Lo primero que hice fue decirle a este chabón que supuestamente era mi padre, decirle que no es mi padre. Nunca lo fue, nunca estuvo. No me interesaba caretear ninguna situación, juntarme con un “x”, no saber de qué hablar y no decirse un montón de cosas guardadas en la garganta y dije: No, yo a esta careteada no voy más, ¿sabes qué?, nos vemos… y eso me hizo súper bien, me liberó una mochila grosa.

Después me hizo animarme a un montón de cosas, a salir a explorar el mundo, a explorarme a mí, reconocerme, viajar. Me animé a viajar sola, a dedo, toda la gente que me levantaba alucinaba. Yo era re piba, viajando, exponiéndome a un montón de situaciones. Venía de padecerla, de curtirla y si no me exponía, no me iba a animar. No me sentía expuesta en ese momento, sentía que me estaba animando, conectada en una buena energía, un buen camino. Ahora, después de unos cuantos años y tantas experiencias alrededor, lo veo desde otro lado y digo: Bueno, sí, me exponía. En ese momento me hizo muy bien.

Después de los muchos años pasados, pude empezar a ver la partida, la muerte como algo natural. Sabemos que nos vamos a morir, claro, que cuando se da de esta manera tan súbita, tan inesperada genera un shock que es fuerte, realmente la muerte es parte de la vida, así como la vida es parte de la muerte.

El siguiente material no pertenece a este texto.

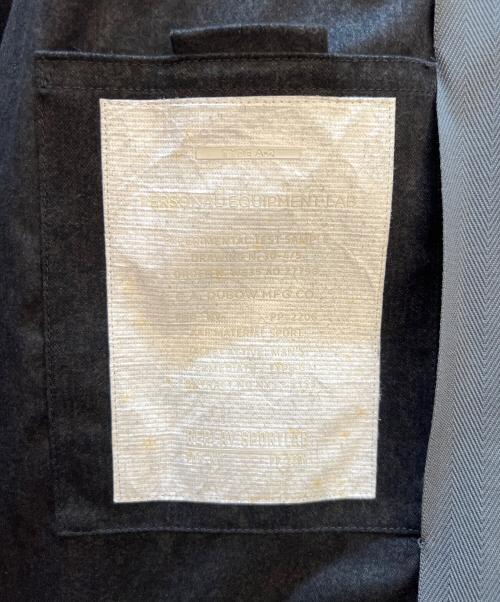 REPLAY（リプレイ）REPLAY (リプレイ) フーデッドコート ブラック×ホワイト×グレー サイズ:不明の古着・服飾アイテム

Empecé a tomar más conciencia de los espacios. De a dónde me meto y con quién. Empecé a cuidar las relaciones, un montón. Aprender a amar, compartir y abrazar. Toda mi vida, mis pensamientos, acciones y movimientos fueron marcados por ese suceso. Es algo que llevo a todos los ámbitos, me hace ser quien soy.

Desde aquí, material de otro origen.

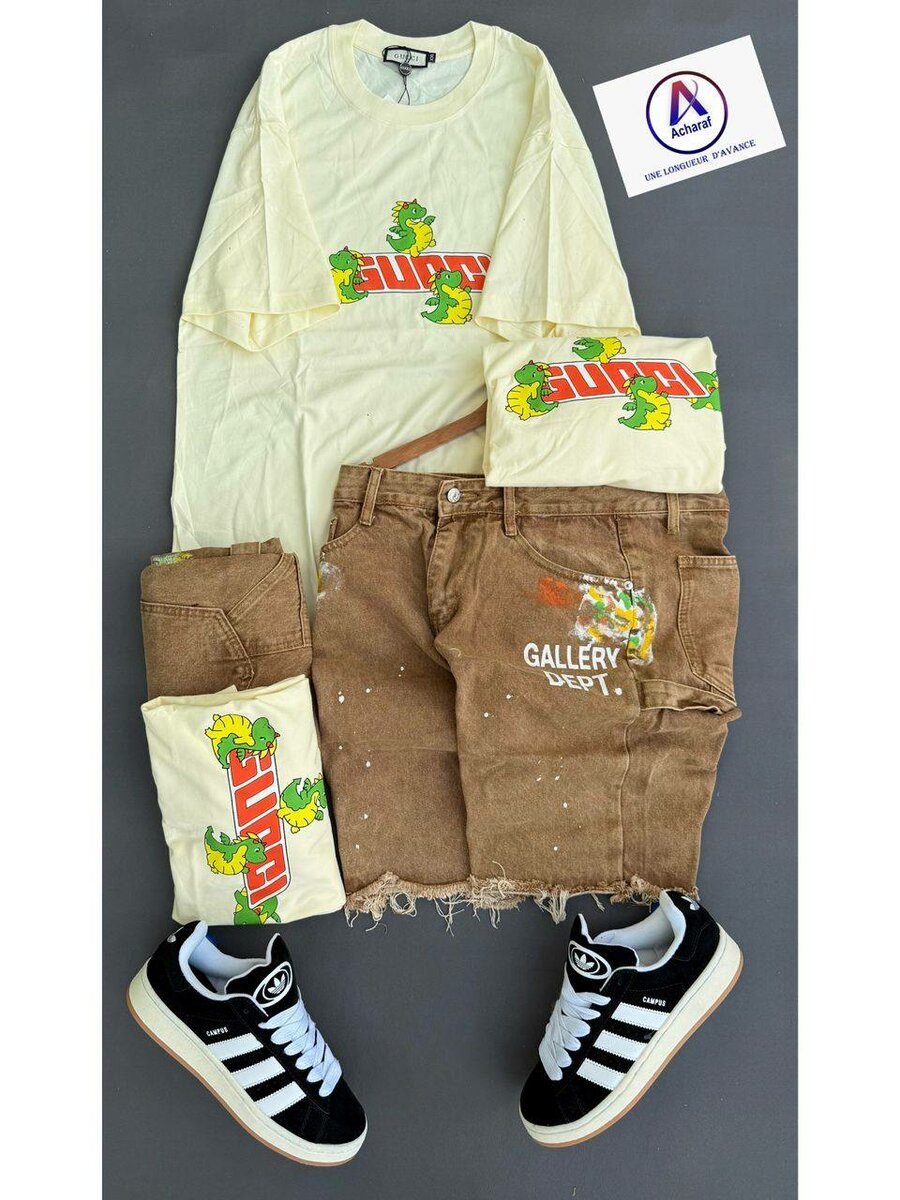 Tenu homme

Hay mucho de entender un poco esto del yin y el yang, de todo lo bueno hay algo malo, en todo lo malo hay algo bueno. Me trajo muchas cosas buenas en cuanto a mi personalidad y forma de ser, un empoderamiento, fuerte, una personalidad que me gusta ser. Me despertó de muchas situaciones que estaba re dormida y a la vez me sacó de una adolescencia, hueveándola todo el día, me bajó de un hondazo, crecer de golpe.

Lo primero que me trajo fue Basta de careteadas. Disfrutemos la vida, me voy a hacer lo que me hace bien, eso lo llevé como bandera. Estoy donde quiero estar, si no estoy cómoda acá, Chau, me voy. En esto de hacer lo que me hace bien, empecé a construir vínculos que hacen bien, vínculos sanos. Me interesa mucho profundizar en la forma en que me vinculo con las personas, vínculos reales, transparentes… me ocupo mucho de eso. Ser lo más auténtica que puedo conmigo misma. Intentar mostrarme tal cual soy, elegir dónde estar. Hay mucha gente que no se la banca ni en pedo, mucha gente no puede relacionarse conmigo, yo me doy cuenta, porque soy cruda, frontal, te digo las cosas que te tengo que decir en la cara, no me voy a callar. Me trajo muchos problemas ser así también, tampoco me hago rollo, soy así.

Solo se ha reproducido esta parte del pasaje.